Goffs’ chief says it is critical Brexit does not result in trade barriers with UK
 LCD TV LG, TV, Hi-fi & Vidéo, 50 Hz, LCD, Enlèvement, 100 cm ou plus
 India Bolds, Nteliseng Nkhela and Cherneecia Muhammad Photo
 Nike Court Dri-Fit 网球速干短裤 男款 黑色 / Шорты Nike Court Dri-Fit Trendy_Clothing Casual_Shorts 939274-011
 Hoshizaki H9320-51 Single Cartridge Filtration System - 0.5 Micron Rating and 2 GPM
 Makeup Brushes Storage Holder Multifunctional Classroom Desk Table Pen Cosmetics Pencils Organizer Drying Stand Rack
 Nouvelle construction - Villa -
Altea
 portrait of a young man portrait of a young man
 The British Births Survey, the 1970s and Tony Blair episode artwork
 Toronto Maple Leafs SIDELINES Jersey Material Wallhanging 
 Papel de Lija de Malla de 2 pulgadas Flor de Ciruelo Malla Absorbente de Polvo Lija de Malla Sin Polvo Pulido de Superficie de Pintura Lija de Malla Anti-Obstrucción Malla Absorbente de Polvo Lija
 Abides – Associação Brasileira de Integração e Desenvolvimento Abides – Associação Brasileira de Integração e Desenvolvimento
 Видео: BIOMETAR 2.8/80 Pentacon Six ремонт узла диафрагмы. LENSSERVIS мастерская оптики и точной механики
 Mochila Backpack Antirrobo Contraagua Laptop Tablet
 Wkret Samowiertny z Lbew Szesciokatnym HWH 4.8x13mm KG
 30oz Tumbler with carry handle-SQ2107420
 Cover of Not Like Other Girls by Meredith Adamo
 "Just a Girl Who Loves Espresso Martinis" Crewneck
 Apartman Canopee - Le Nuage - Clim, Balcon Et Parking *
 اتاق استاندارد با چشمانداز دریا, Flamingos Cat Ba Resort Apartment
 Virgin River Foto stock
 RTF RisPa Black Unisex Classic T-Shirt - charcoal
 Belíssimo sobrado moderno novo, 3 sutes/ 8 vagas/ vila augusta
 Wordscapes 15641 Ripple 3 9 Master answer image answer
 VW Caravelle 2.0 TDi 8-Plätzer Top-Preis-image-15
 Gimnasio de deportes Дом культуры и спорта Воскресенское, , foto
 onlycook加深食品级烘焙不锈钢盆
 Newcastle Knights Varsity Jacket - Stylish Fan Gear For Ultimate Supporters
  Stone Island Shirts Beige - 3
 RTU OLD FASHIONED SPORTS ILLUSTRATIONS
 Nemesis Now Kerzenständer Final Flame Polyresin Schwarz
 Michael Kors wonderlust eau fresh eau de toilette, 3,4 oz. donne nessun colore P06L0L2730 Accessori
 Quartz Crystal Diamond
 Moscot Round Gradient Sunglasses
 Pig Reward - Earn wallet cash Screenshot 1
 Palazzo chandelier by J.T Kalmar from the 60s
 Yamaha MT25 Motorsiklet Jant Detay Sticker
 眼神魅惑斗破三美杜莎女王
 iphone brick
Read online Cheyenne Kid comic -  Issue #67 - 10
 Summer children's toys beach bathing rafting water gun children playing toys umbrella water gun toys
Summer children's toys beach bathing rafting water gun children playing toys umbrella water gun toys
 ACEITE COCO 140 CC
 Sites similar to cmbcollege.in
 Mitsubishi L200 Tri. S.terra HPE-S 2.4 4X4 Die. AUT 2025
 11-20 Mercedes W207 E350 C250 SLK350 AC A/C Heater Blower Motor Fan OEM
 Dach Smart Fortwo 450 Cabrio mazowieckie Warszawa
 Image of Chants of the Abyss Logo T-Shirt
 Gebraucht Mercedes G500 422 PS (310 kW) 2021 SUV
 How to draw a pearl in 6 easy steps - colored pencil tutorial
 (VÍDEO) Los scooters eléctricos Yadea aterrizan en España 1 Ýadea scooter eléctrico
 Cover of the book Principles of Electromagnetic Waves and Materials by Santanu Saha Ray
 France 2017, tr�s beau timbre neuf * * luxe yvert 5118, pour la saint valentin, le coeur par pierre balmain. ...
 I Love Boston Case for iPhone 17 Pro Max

§ What you are asked to do: Check each line of the data above for the string "rafting", and copy the ones that have it.

§ Solution:
 Summer children's toys beach bathing rafting water gun children playing toys umbrella water gun toys
Summer children's toys beach bathing rafting water gun children playing toys umbrella water gun toys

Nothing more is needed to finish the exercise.